In August, the same committee recommended that Icagen not proceed with a trial that only used ICA-17043,

Shares of Icagen (Nasdaq: ICGN) plummeted more than 70 percent on that news to less than $1.

In trading Tuesday after the latest announcement, Icagen traded up more than 10 percent at $1.03.

The committee's recommendation came after a review of additional data, Icagen said in a statement.

"We are pleased that following review of the currently available, updated data the DMC recommended continuation of the study for patients receiving concurrent hydroxyurea therapy," said Seth Hetherington, an MD who is senior vice president for clinical and regulatory affairs at Icagen. "Few effective therapies are available for patients with sickle cell disease and none provide complete relief from complications. As in the treatment of many diseases, combination therapy may prove to be an effective approach in treating patients with sickle cell disease."

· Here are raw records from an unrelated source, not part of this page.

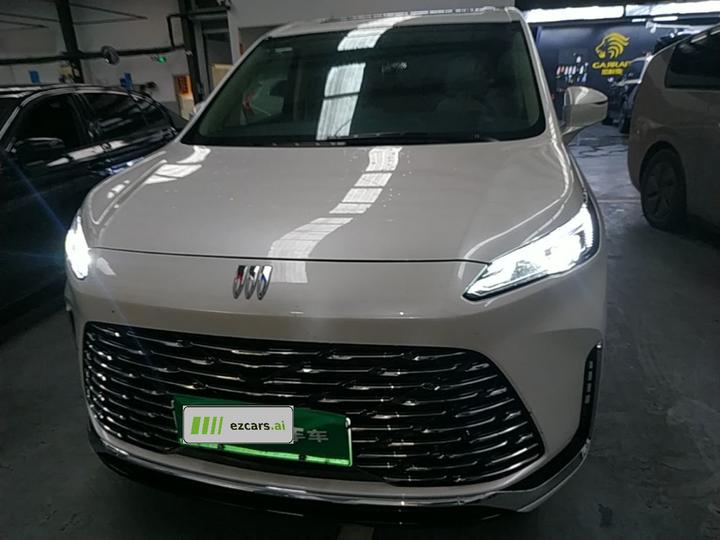 GL8 EV 2025 photo 2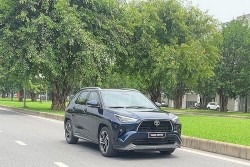 Toyota Yaris Cross bất ngờ xuất hiện trên đường phố Việt Nam trước ngày ra mắt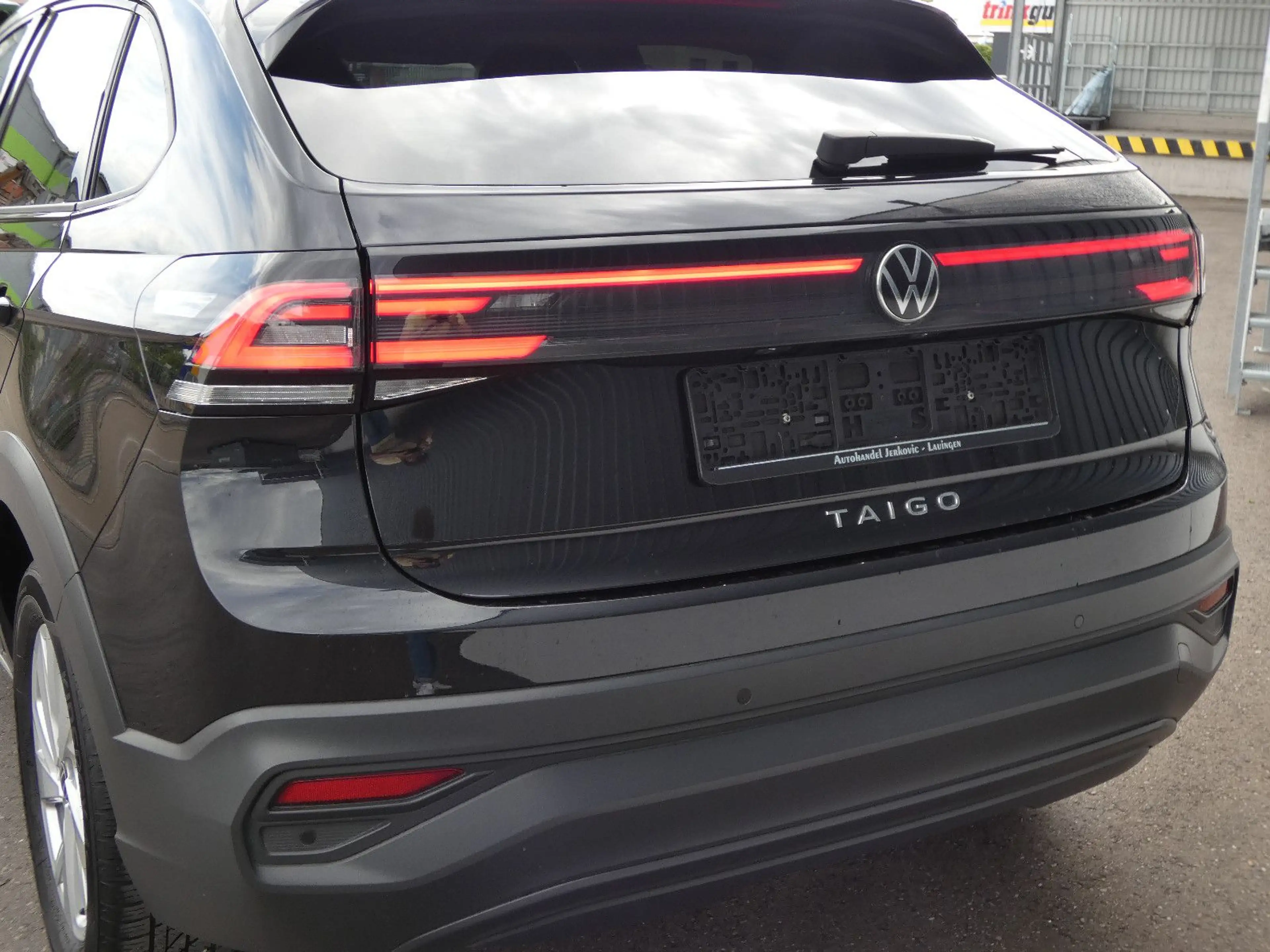 Volkswagen Taigo 1.0 TSI Life 1-Hand LED Navi Virtual SHZ — photo 25
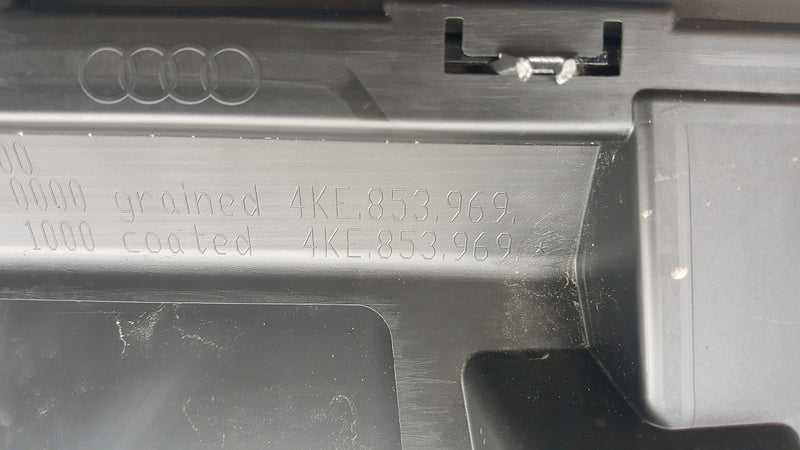 Listwa drzwi lewy tył AUDI E-TRON 4KE853969 demontaż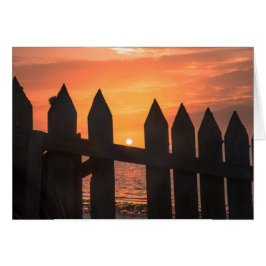 Sunrise door een hek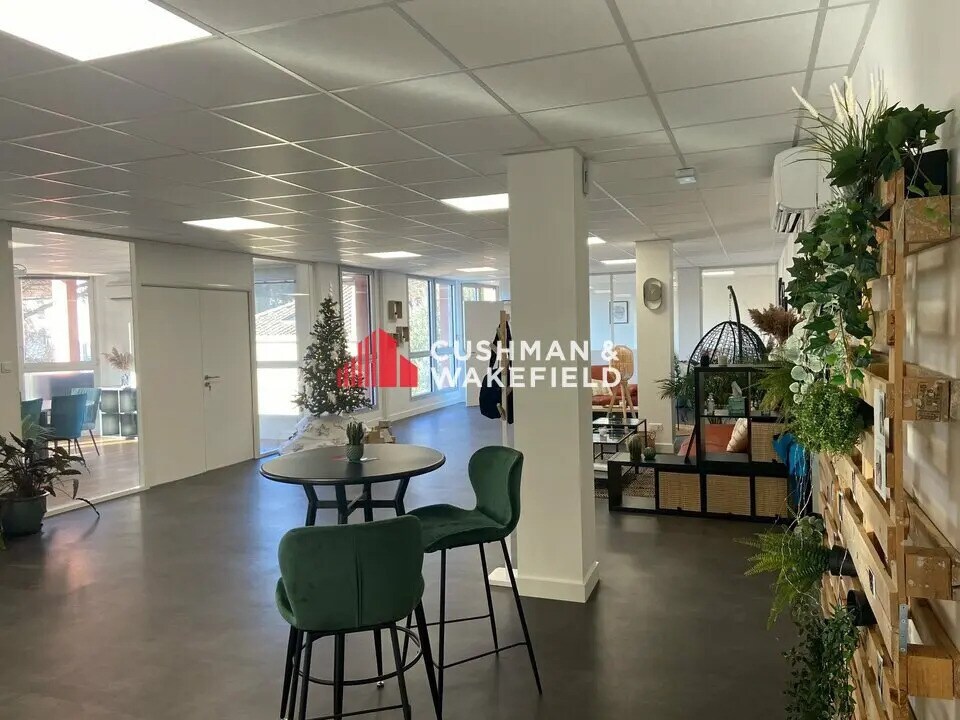 Office in Toulouse to rent Interior Photo- Image 1 of 12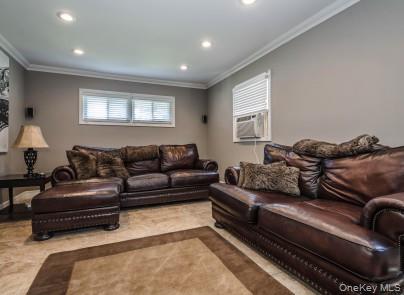 #7 photo, 2 Fairfield Road, Massapequa , NY 11758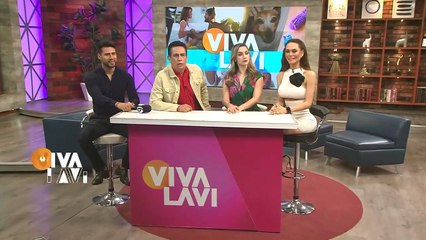 Mujer embarazada golpea a la amante  de su esposo en combi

Icagen will meet with the Food and Drug Administration to discuss the committee's decision, Hetherington added.

The Icagen compound has been designed to be taken orally once a day. It is also being tested in a pediatrics trial.

Sickle cell disease is a genetic blood disorder that affects some 100,000 people in the United States alone. It is the most common genetic disease among people of African descent.